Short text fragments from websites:
::::

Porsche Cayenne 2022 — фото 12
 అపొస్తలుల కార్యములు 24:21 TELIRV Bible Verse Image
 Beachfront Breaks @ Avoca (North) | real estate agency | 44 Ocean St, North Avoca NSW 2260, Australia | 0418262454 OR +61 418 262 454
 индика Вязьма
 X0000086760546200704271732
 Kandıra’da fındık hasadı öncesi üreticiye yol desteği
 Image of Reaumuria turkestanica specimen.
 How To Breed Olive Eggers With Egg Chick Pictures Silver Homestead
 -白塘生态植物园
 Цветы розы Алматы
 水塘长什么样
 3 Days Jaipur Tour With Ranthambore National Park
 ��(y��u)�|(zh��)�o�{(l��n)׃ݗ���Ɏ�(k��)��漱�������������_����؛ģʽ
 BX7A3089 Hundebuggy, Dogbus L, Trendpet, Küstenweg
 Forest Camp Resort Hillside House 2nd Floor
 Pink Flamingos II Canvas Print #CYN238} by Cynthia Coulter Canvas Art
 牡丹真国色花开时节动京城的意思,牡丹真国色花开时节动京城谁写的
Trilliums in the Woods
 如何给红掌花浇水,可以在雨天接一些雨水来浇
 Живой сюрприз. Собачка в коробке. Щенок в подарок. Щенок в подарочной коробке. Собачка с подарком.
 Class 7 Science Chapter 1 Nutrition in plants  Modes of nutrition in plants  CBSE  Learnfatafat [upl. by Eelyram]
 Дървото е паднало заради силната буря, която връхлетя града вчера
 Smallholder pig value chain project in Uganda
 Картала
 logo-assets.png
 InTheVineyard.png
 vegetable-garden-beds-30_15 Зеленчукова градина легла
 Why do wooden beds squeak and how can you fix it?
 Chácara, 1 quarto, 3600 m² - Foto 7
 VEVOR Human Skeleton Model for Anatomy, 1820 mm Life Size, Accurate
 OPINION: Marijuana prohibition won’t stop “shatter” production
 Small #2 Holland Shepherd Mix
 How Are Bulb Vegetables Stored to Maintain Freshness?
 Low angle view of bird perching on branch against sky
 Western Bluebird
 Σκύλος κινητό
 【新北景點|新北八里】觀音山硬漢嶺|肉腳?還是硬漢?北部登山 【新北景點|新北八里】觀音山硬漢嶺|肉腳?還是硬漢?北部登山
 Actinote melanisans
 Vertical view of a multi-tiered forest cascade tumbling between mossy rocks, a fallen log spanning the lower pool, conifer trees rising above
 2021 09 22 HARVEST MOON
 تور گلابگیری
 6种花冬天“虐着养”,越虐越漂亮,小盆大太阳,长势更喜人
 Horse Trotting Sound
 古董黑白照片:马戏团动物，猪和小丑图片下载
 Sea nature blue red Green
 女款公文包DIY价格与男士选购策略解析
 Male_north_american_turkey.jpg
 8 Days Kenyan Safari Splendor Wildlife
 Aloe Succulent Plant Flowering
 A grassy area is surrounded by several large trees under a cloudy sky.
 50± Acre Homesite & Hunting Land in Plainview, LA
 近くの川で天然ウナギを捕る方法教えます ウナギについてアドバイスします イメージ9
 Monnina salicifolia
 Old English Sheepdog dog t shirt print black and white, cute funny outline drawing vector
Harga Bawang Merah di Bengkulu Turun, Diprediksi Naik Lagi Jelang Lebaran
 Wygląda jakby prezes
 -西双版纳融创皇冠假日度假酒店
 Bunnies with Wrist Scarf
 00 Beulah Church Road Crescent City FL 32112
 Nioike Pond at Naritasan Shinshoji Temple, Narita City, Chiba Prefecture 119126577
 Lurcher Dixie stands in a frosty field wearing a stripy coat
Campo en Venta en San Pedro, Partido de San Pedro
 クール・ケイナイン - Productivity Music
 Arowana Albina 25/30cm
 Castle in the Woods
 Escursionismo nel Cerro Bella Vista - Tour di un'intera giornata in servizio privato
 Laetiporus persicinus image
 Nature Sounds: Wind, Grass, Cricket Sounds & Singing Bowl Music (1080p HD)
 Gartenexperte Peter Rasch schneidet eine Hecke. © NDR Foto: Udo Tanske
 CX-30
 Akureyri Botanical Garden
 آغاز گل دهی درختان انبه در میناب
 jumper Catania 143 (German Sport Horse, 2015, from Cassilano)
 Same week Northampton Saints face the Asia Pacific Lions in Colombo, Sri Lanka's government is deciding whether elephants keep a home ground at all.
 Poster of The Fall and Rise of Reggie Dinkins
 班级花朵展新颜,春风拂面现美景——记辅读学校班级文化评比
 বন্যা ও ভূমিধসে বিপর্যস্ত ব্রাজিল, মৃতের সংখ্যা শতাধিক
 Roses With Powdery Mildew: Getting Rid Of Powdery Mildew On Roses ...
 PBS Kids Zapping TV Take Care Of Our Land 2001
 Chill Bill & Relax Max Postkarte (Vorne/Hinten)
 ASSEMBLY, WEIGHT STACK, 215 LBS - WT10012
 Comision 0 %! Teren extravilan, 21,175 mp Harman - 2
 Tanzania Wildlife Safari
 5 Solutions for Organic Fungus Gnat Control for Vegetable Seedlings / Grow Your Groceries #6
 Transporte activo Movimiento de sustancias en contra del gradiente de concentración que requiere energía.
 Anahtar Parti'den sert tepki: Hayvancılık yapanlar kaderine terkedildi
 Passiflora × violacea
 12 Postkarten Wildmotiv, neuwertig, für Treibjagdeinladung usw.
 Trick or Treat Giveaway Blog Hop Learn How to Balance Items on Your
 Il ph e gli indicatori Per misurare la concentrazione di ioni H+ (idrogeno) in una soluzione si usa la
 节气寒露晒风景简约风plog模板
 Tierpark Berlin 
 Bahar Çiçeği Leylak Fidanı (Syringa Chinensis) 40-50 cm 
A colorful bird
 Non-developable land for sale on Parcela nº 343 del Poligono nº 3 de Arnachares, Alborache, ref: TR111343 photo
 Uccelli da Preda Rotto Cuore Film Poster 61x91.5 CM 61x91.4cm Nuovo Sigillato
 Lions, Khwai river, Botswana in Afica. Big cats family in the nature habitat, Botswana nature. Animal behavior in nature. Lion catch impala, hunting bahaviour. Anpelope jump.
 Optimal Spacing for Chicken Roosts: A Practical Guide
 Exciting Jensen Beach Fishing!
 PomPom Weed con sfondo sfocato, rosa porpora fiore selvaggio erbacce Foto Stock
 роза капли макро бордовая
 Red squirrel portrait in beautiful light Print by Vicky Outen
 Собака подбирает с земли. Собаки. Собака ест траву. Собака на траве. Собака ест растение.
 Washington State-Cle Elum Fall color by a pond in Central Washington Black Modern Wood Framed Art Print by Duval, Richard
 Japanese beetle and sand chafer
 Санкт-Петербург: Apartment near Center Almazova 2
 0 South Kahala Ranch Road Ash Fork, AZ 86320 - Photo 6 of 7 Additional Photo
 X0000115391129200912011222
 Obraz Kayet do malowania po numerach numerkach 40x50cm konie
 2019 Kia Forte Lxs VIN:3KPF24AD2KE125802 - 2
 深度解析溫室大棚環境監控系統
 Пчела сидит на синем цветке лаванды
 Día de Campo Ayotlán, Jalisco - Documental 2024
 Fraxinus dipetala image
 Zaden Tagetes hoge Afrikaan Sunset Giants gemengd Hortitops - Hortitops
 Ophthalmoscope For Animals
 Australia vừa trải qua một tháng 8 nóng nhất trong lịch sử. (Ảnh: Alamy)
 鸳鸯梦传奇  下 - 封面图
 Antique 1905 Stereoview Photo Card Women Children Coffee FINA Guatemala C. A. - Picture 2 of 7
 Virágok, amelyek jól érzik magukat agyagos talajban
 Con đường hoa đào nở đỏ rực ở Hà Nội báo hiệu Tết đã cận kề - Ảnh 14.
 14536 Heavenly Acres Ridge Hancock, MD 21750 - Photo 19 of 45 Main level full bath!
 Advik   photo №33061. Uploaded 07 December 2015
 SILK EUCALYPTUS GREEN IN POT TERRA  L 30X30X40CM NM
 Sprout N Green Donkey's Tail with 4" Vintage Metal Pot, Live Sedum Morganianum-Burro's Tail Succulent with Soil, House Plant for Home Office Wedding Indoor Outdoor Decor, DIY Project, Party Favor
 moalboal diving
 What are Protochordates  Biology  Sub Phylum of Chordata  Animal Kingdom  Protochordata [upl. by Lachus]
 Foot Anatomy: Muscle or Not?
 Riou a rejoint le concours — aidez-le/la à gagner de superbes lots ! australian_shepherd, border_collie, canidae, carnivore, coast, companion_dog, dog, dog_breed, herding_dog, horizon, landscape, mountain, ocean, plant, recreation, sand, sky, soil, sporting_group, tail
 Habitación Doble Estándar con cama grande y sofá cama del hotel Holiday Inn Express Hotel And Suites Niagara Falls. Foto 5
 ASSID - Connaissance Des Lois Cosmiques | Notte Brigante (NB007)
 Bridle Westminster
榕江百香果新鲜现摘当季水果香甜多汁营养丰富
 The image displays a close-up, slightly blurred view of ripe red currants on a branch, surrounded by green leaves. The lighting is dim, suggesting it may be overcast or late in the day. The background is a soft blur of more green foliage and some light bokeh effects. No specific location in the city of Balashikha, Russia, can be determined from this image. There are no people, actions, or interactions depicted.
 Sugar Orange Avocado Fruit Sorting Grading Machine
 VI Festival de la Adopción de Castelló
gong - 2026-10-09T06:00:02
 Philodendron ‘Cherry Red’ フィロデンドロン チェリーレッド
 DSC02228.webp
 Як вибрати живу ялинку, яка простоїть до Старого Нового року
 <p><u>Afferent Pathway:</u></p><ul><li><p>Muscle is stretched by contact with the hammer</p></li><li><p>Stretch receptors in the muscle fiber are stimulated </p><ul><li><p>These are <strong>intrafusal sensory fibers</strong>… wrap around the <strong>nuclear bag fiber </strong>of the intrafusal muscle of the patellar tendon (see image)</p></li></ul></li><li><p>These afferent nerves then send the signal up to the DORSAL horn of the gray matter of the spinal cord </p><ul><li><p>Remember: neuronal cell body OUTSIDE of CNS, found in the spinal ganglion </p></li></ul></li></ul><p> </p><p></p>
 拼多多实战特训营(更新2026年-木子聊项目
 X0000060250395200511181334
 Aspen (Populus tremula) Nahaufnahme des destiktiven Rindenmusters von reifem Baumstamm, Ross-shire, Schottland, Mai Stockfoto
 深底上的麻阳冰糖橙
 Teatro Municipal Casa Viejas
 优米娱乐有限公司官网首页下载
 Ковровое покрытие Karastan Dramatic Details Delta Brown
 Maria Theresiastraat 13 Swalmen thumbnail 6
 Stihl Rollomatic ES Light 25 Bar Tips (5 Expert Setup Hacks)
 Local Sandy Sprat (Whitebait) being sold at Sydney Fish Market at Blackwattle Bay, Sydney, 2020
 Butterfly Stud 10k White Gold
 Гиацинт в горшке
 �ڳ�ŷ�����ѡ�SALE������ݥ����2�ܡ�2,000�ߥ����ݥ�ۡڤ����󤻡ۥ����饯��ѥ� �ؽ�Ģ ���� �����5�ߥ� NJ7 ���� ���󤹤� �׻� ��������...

::::

Problem requirements:
Please transcribe exactly the lines above from the line that has "ASSEMBLY, WEIGHT STACK, 215 LBS - WT10012" up to and including the line that has "X0000115391129200912011222"; no other line belongs in the answer.

Output of the exercise:
 ASSEMBLY, WEIGHT STACK, 215 LBS - WT10012
 Comision 0 %! Teren extravilan, 21,175 mp Harman - 2
 Tanzania Wildlife Safari
 5 Solutions for Organic Fungus Gnat Control for Vegetable Seedlings / Grow Your Groceries #6
 Transporte activo Movimiento de sustancias en contra del gradiente de concentración que requiere energía.
 Anahtar Parti'den sert tepki: Hayvancılık yapanlar kaderine terkedildi
 Passiflora × violacea
 12 Postkarten Wildmotiv, neuwertig, für Treibjagdeinladung usw.
 Trick or Treat Giveaway Blog Hop Learn How to Balance Items on Your
 Il ph e gli indicatori Per misurare la concentrazione di ioni H+ (idrogeno) in una soluzione si usa la
 节气寒露晒风景简约风plog模板
 Tierpark Berlin 
 Bahar Çiçeği Leylak Fidanı (Syringa Chinensis) 40-50 cm 
A colorful bird
 Non-developable land for sale on Parcela nº 343 del Poligono nº 3 de Arnachares, Alborache, ref: TR111343 photo
 Uccelli da Preda Rotto Cuore Film Poster 61x91.5 CM 61x91.4cm Nuovo Sigillato
 Lions, Khwai river, Botswana in Afica. Big cats family in the nature habitat, Botswana nature. Animal behavior in nature. Lion catch impala, hunting bahaviour. Anpelope jump.
 Optimal Spacing for Chicken Roosts: A Practical Guide
 Exciting Jensen Beach Fishing!
 PomPom Weed con sfondo sfocato, rosa porpora fiore selvaggio erbacce Foto Stock
 роза капли макро бордовая
 Red squirrel portrait in beautiful light Print by Vicky Outen
 Собака подбирает с земли. Собаки. Собака ест траву. Собака на траве. Собака ест растение.
 Washington State-Cle Elum Fall color by a pond in Central Washington Black Modern Wood Framed Art Print by Duval, Richard
 Japanese beetle and sand chafer
 Санкт-Петербург: Apartment near Center Almazova 2
 0 South Kahala Ranch Road Ash Fork, AZ 86320 - Photo 6 of 7 Additional Photo
 X0000115391129200912011222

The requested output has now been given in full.